FIGS. 6A-6B are diagrams of example implementations 600 described herein. As shown in FIGS. 6A-6B, each example implementation 600 may include an optical system 602 that include multiple pump-signal combiners 604 (e.g., one or more of the pump-signal combiners 402 and/or 502 described herein in relation to FIGS. 4A-4C and 5A-5C), multiple sets of laser sources 606, an oscillator 608, one or more amplifiers 610, and/or a laser output 612.

As shown in FIG. 6A, a first set of laser sources 606-1 may be configured to provide a first signal beam and first pump light to a first pump-signal combiner 604-1 (e.g., that is configured as an end pump), which may combine the first signal beam and the first pump light to form a first combined signal beam (e.g., in a similar manner as described elsewhere herein). The first pump-signal combiner 604-1 may provide the first combined signal beam to the oscillator 608, which may provide the first combined signal beam to a second pump-signal combiner 604-2 (e.g., that is configured as a cascade pump). A second set of laser sources 606-2 may be configured to provide second pump light to the second pump-signal combiner 604-2, which may combine the first combined signal beam and the second pump light to form a second combined signal beam. The second pump-signal combiner 604-2 may provide the second combined signal beam to the one or more amplifiers 610, which may amplify and provide the second combined signal beam to a third pump-signal combiner 604-3 (e.g., that is configured as a counter pump). A third set of laser sources 606-3 may be configured to provide third pump light (e.g., that propagates in an opposite direction of a propagation direction of the second combined signal beam) to the third pump-signal combiner 604-3, which may combine the second combined signal beam and the third pump light to form and provide a third combined signal beam to the laser output 612 (e.g., that may emit the third combined signal beam at a target of the optical system 602).
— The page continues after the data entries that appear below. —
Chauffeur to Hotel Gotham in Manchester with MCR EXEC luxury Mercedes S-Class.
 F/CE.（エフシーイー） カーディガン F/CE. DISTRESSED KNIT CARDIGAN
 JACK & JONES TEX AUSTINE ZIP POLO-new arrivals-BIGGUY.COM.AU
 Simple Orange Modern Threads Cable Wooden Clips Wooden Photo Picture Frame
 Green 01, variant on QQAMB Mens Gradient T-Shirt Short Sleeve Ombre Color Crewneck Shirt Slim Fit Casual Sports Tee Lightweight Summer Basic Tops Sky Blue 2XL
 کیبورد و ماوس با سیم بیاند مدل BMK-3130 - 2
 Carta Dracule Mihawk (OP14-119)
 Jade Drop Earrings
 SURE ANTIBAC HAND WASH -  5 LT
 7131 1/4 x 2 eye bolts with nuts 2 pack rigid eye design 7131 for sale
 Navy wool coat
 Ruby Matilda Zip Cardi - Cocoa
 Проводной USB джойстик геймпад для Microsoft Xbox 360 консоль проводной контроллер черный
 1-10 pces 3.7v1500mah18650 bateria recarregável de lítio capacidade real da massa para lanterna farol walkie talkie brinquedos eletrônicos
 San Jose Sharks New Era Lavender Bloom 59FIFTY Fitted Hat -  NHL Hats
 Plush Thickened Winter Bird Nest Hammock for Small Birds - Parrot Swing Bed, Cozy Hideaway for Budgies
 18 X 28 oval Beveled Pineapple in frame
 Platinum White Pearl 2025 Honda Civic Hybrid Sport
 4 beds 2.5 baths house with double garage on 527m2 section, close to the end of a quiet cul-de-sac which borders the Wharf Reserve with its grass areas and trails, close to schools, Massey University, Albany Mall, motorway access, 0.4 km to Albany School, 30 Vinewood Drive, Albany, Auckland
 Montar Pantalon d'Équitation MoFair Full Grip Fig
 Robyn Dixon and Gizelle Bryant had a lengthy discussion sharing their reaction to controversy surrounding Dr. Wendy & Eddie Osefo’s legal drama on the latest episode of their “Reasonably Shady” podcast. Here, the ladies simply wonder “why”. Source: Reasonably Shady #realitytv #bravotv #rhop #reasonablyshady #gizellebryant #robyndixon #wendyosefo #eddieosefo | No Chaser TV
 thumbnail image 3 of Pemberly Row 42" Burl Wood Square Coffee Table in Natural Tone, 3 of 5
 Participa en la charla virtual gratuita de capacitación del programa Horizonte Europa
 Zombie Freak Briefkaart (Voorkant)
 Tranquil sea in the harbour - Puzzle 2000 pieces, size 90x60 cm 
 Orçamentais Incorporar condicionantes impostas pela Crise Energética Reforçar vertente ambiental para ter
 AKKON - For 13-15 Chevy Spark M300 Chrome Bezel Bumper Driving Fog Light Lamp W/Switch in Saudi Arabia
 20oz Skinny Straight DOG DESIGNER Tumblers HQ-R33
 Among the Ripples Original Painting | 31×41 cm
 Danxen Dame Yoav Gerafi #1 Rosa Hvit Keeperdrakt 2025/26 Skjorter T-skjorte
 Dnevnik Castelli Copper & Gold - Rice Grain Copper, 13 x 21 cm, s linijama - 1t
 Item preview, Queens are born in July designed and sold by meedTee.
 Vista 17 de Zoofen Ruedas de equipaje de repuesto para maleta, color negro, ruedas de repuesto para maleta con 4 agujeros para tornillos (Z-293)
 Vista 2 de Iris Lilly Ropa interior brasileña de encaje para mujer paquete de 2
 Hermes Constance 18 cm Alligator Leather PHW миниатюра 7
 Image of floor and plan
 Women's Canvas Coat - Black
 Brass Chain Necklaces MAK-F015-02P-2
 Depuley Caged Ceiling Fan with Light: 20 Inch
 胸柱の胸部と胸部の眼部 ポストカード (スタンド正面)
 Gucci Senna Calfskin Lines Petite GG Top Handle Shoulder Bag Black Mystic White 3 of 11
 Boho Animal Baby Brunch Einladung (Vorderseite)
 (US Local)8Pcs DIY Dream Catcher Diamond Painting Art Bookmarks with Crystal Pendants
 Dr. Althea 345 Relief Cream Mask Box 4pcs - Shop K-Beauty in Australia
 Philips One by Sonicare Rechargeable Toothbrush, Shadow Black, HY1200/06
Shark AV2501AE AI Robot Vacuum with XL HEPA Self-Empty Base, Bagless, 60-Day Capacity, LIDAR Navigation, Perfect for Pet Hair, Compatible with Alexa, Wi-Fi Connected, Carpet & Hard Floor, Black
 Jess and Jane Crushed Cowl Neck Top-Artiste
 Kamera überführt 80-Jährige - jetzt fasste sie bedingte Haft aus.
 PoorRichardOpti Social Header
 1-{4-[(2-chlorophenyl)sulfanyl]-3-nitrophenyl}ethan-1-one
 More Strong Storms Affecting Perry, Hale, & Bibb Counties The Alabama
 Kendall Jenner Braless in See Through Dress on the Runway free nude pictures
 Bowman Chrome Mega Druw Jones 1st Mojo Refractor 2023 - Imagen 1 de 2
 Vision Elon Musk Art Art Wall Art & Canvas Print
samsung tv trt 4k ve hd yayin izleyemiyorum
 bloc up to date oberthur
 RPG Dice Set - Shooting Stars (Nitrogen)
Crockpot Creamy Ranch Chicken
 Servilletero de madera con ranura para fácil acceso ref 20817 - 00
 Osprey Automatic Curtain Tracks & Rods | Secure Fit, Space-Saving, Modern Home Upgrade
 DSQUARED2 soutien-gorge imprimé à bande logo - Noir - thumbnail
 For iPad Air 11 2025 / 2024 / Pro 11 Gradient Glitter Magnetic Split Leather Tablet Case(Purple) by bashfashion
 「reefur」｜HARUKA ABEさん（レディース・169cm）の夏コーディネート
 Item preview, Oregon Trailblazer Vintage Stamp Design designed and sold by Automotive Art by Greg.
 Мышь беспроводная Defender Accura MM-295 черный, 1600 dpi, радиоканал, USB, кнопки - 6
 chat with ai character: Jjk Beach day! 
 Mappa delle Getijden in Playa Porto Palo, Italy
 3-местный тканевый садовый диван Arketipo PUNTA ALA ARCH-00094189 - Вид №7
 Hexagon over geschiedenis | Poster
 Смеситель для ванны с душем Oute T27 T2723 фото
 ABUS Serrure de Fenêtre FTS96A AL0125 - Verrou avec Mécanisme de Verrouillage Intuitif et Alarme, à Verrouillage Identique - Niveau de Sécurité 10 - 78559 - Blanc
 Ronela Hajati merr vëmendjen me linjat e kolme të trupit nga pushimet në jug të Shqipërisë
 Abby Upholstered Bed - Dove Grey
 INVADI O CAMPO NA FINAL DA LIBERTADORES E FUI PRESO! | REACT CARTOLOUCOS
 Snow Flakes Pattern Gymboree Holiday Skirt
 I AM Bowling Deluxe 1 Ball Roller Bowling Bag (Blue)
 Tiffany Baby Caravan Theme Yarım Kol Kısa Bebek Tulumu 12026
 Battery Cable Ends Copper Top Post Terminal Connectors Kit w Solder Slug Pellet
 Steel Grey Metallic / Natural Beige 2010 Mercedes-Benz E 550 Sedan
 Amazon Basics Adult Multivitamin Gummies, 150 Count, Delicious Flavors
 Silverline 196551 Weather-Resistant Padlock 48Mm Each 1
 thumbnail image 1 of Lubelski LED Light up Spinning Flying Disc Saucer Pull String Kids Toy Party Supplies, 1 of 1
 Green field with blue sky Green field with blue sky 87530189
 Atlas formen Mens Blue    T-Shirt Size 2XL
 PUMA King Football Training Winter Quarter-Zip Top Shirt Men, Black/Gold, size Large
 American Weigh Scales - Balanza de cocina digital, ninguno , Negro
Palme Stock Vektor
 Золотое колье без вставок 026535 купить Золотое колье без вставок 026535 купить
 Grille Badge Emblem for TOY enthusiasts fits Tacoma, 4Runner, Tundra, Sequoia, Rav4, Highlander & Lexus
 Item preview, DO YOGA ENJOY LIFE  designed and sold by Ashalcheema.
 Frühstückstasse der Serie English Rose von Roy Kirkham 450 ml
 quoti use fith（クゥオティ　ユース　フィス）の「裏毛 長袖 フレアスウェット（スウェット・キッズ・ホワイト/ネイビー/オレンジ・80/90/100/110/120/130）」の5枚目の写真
As shown in FIG. 6B, the optical system 602 may additionally include a visible aiming laser source 614 and a cladding light stripper 616. Accordingly, the visible aiming laser source 614 may provide visible aiming light to the first pump-signal combiner 604-1 (e.g., to a fiber core 104 of the first pump-signal combiner 604-1), which may therefore combine the first pump light, and the visible aiming light to form the first combined signal beam. The visible aiming light may thereby propagate through the optical system 602 to the laser output 612 (e.g., that may emit the visible aiming light at the target of the optical system 602), as described above. The cladding light stripper 616 may not remove the visible aiming light because the visible aiming light propagates via a fiber core (e.g. a fiber core 104) from the first pump-signal combiner 604-1 to the laser output 612.

FIGS. 6A-6B are provided as an example. Other examples may differ from what is described with regard to FIGS. 6A-6B.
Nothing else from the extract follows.